Livengood makes good on second chance
Justin Livengood had been away from the game three years when Patrick Koontz invited his friend and former teammate to watch him play in Chapel Hill.
Livengood became a household name in the area over the course of four years playing baseball at Ledford High School. After a successful career with the Panthers, he decided he needed time away from the game to enjoy life away from home for the first time.
Attending Cape Fear Community College, the former Ledford hurler said he wanted to focus on how to "be a student and have a good time." Although he says he doesn't regret not playing immediately after graduating high school, Livengood admits to being more than a little nervous when he explained the rationale behind his decision.
"It was one of the hardest things I've had to do," he said of telling parents, grandparents, coaches and teammates that he was quitting baseball. "As an 18-year-old kid, I knew it would have been wasting my time and the time of any coach I'd play for, as well as the players."
Three years later, he stood in a precarious position as a young man struggling to make sense of a longing for a scene he had mostly tried to avoid. Knowing he still possessed gifts lying dormant since his playing days, Livengood now admits he attempted to keep his mind off baseball and pitching in order not to remind himself of what could have been.
"I didn't want to go watch it, because it was hard to see those guys out there,” Livengood said. “I kind of think in the back of my mind I knew I wanted to play."
Finally allowing himself to be a part of the crowd since about 1,000 days had passed, he could not quite get comfortable sitting in the stands. The game between the University of North Carolina and Koontz's UNC Asheville team was the first Livengood had attended since walking off the mound for what he thought would be the last time.
"I told him to come to the UNC game my junior season in 2011," Koontz said. "I saw other guys in competition, and I asked him, 'Why aren't you playing?' You're just as good, if not better than all these guys out here."
Before the game, Koontz kidded with Livengood that he would hit a home run for him during the game. In his first at-bat, he cranked one over the fence. As it turns out, Koontz wasn't done. He homered again later in the contest.
"By that point, he had chills. He said he wanted to play again," said Koontz. "He took three years off and he's touching 95 on the gun. How do you do that? He's got a lot of God-given ability and he works for everything he has. That's what I respect most about him."

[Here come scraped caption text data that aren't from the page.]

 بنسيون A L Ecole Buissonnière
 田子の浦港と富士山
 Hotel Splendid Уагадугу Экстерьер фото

It was Livengood's willingness to put forth maximum effort that has him in the midst of a second NCAA Regional this weekend in Charlottesville, Va. After parting ways with Koontz that day, he was determined to play again and he trained daily to get back into playing shape.
Pounds melted away and his improved conditioning allowed the svelte Livengood — who now stands at 210 pounds — to throw better than ever before. A tryout with the UNC Wilmington coaching staff landed him a spot on the roster.

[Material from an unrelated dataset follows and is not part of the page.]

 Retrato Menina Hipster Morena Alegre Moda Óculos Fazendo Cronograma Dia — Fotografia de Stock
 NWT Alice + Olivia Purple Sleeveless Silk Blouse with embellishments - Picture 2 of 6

Seahawks coach Mark Scalf used Livengood sparingly last season, but quietly noted his young pitcher's progress. Livengood only pitched eight innings in 2012, but none were larger than the 2 1/3 scoreless innings he pitched against Delaware in the Colonial Athletic Association championship game. That outing helped earn him the confidence of Wilmington's coaching staff, which has made him a staple at the back end of the bullpen.

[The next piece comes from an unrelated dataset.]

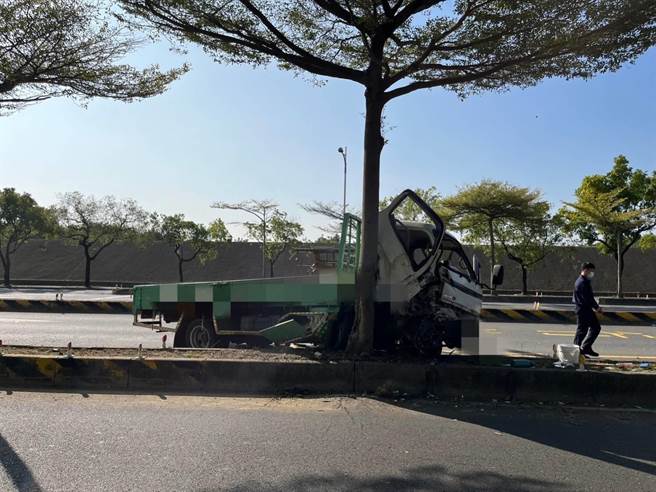 43岁蔡男驾驶货车沿环河路二段快车道直行，疑因未注意前方状况，撞上快慢车道分隔岛，致蔡男身体多处擦挫伤送医，幸无生命危险。（民眾提供／潘虹恩台中传真）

In 32 2/3 innings this season, he sports a 1.93 ERA with 47 strikeouts.
"Last year, the coaches gave me a chance," Livengood said. "There was never once a time I was bitter (about the workload). I was just so happy to be apart of something bigger than me. In high school, I was one of the main guys and if I had a bad game, it affected the team. This time, it was just nice to get my bearings back."
Not only did he make it all the way back to a Division I roster, but is now a pivotal player for the Seahawks, which are attempting to advance to a Super Regional for the first time in school history. After bagging the conference championship last year, Wilmington was eliminated from the Raleigh regional by N.C. State, a taste Livengood and his teammates hope to wipe away this weekend.
"I wouldn't trade the last two years of my life in baseball for anything," Livengood said. "Two years ago, I was working in a marina, and now I'm getting ready to get on a bus to play in another regional. It's unreal. Everyday I wake up I thank God I have the opportunity to put on a baseball uniform. It's a blessing."